Very few structures in Troy survive that have a tangible link to the city and county’s early African-American history. This building is one of them. The rear portion of this building was constructed in 1841 and served as the Miami County Courthouse until the current courthouse opened in 1888. The building’s most significant association with the African-American community involves the State of Ohio’s so-called “Black Laws.” These laws, the first in the nation, were designed to discourage free Black people from settling in the state and to regulate those already here. Upon entering the state, a person of color was required to post a $500 bond and provide evidence of their free status through emancipation papers or the written testimony of White witnesses who could guarantee their good character. These records would have been filed in the Miami County Courthouse—the building in question—giving it considerable historical significance. The old 1840s courtroom is still intact in the rear portion of the building.

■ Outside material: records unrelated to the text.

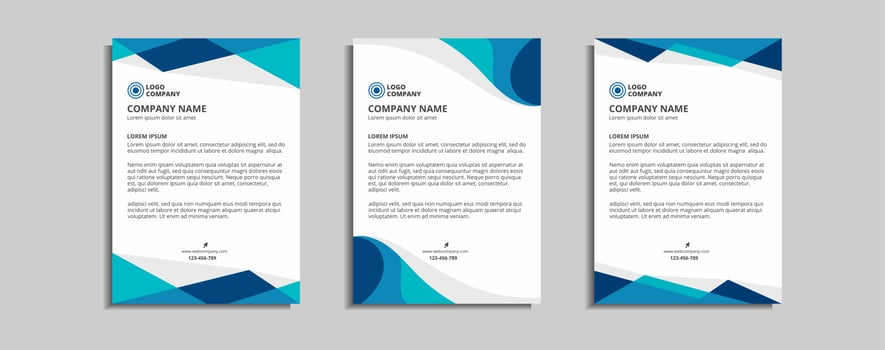modern corporate letterhead template design vector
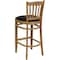 Flash Furniture Natural Wood Stool-Blk Vinyl, PK2 2-XU-DGW0008BARVRT-NAT-BLKV-GG - alternate 2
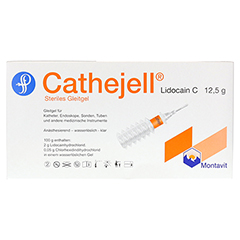 CATHEJELL Lidocain C steriles Gleitgel ZHS 12,5 g 5 Stck - Vorderseite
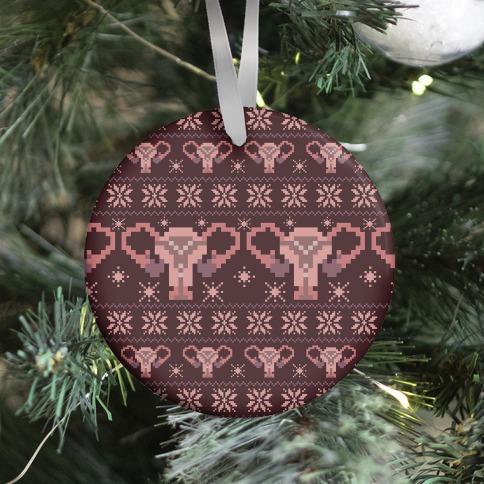 Movie Music Uterus Sweater Pattern Ornament Perfect And Unique Gifts For Family On Christmas Holiday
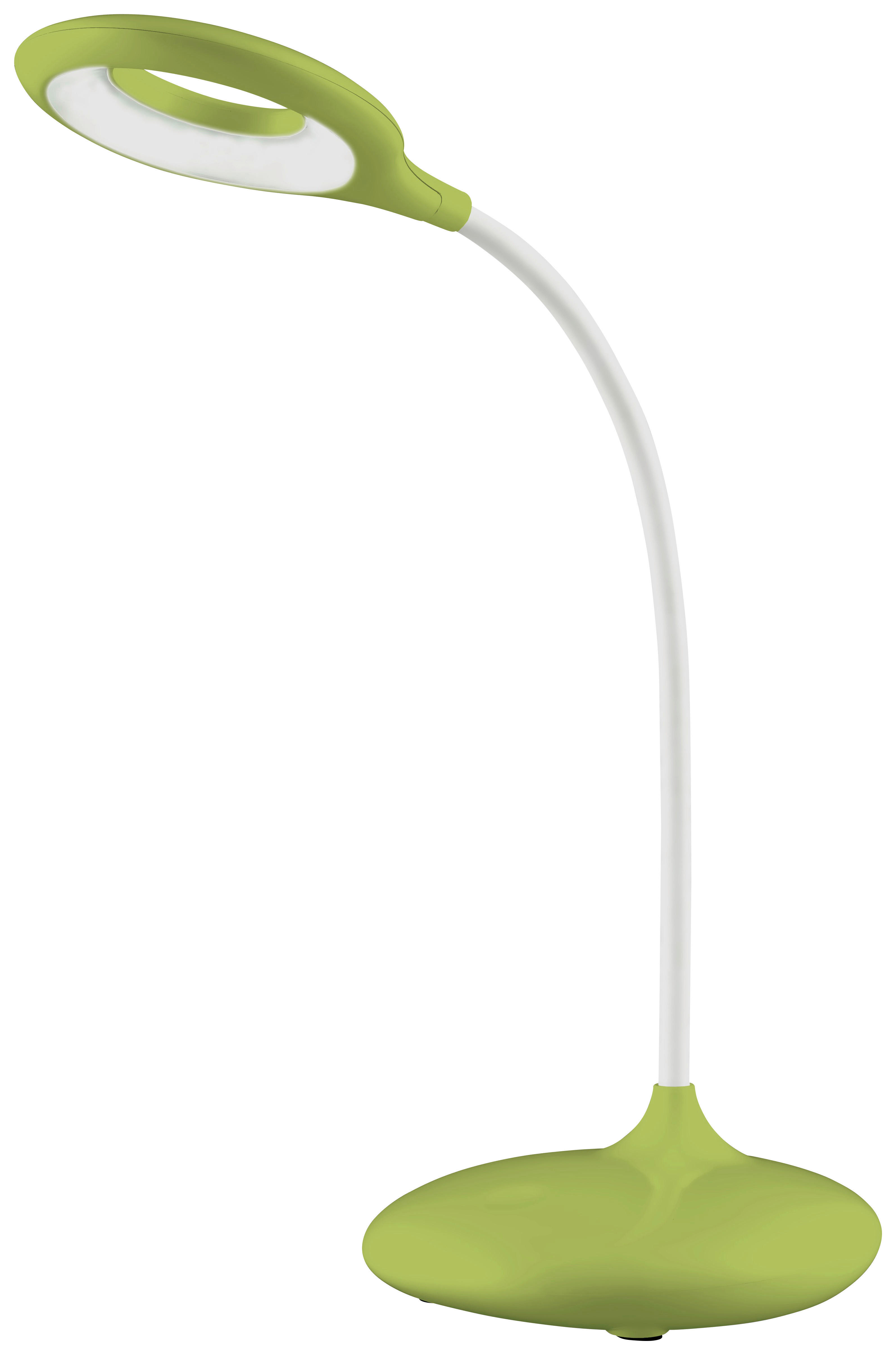 LED LAMPA NA PSACÍ STŮL, dotykový stmívač, 41 cm - zelená, Trend, plast (41cm) - Xora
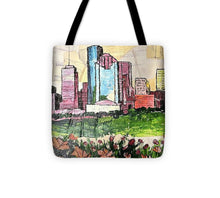 Load image into Gallery viewer, Bloom where you&#39;re built - Tote Bag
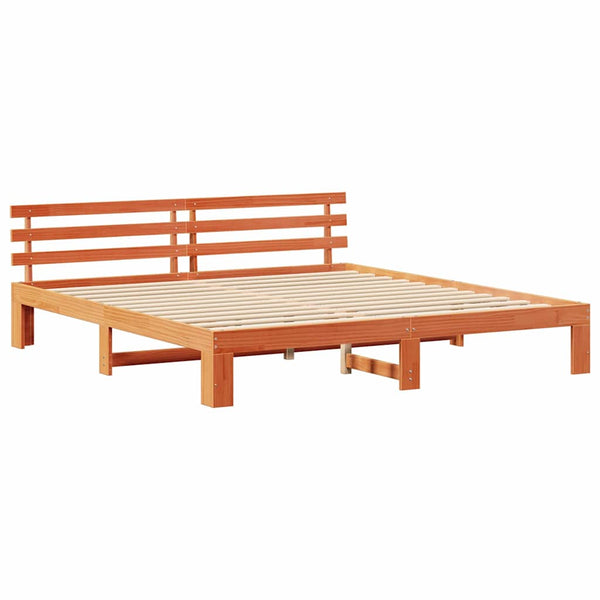 Massiivinen mänty Vaha ruskea sängyn runko 6FT Super King Size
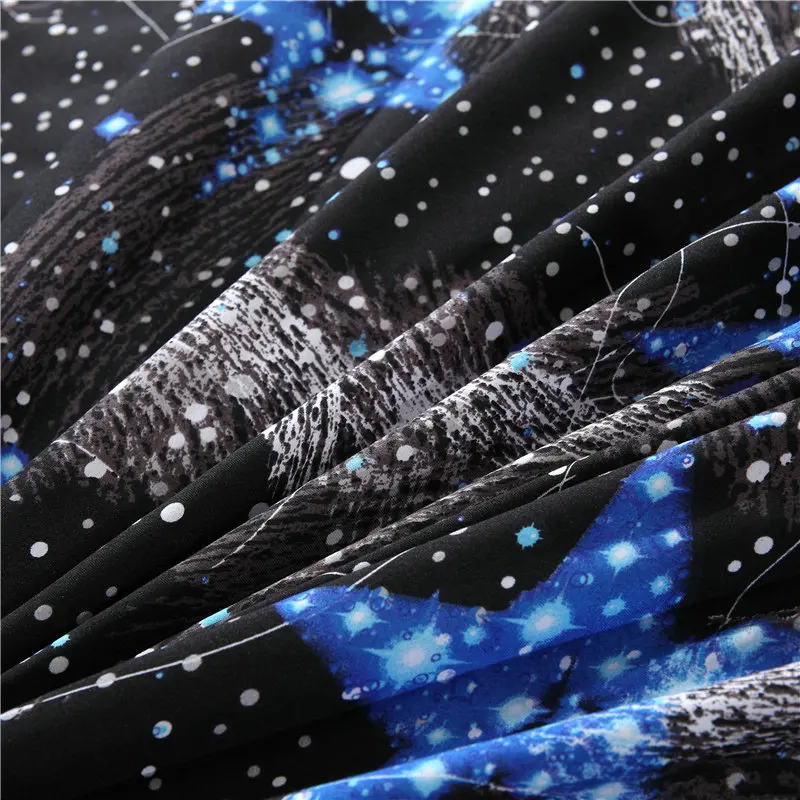 

Starry Bedding Set 3D Planet Star Duvet Cover Set Flat Sheet And Pillow Cases Galaxy Bedspread Mattress Cover 1.6 2.0 2.2 size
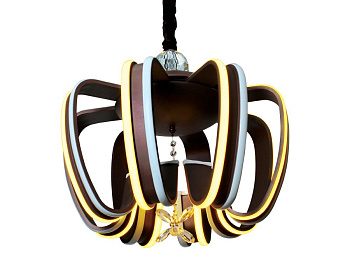 Ambrella Светодиодная люстра с пультом FL114/8 CF кофе 160W 490*490*430 (ПДУ РАДИО 2.4)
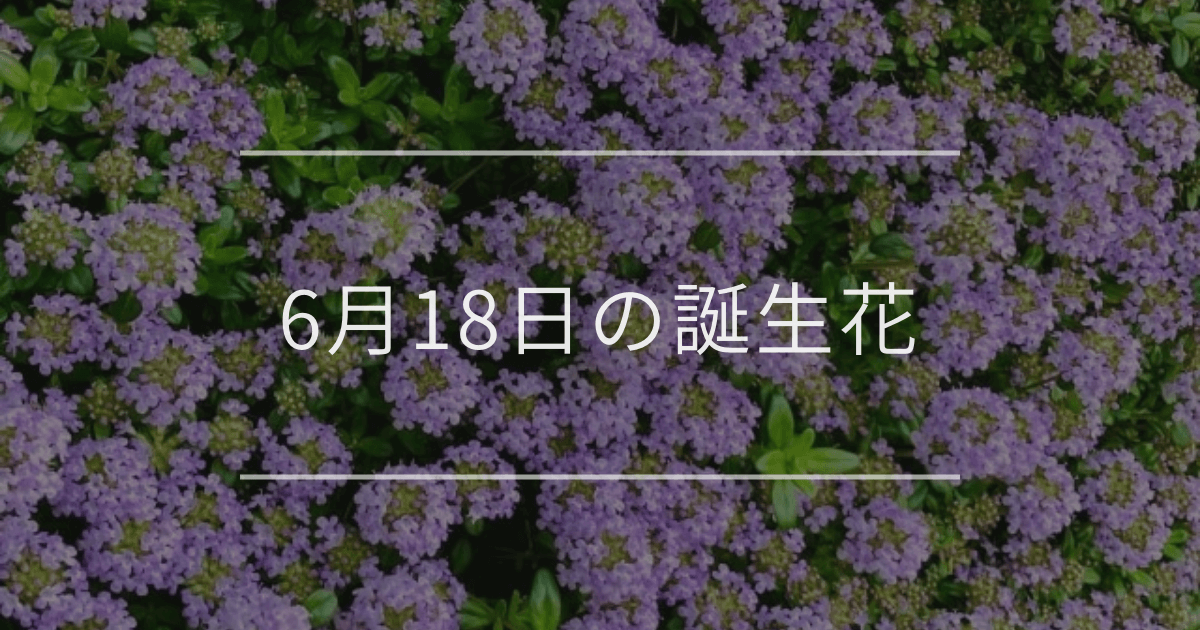 6月18日の誕生花
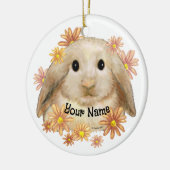 King Bunny Rabbit Ceramic Ornament (Links)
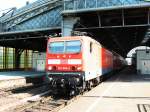 143 884 mit S1 Richtung Sch�na am 27.04.2007 in Dresden ...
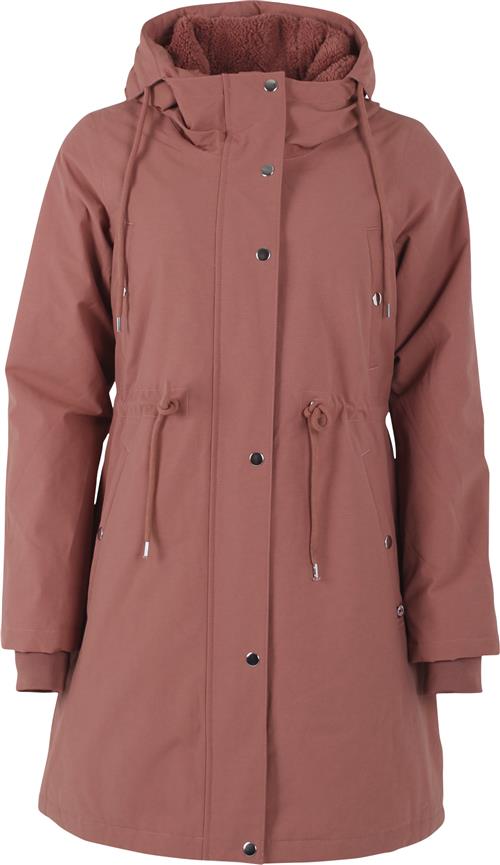 Danefæ Danenora Winter Parka Kvinde Beige Rose Overgangsjakker Str S - Bomuld hos Magasin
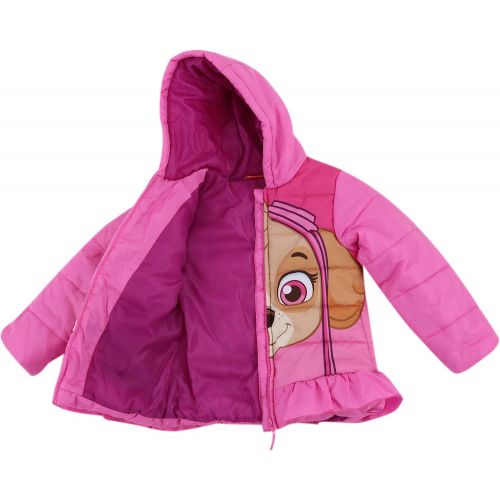  Dreamwave Toddler Girl Authentic Character Winter Puffer Jacket with Hood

While the rear portion of the building has a fascinating history, the front portion of the building, constructed in 1902 as the Odd Fellows Hall, is equally important to the continuity of the historic streetscape. Visitors to the Overfield Tavern often comment how charming and inviting downtown Troy is, often without realizing that it is the intact historic commercial district that gives it its charm. The loss of the building at 112-118 W. Main Street would be a detriment to the overall historic integrity of downtown Troy, leaving a huge gap in the streetscape along our town’s most traveled route.
The Troy Planning Commission needs to do what is best for Troy and the preservation of its historic downtown by voting to deny the application to demolish this irreplaceable building.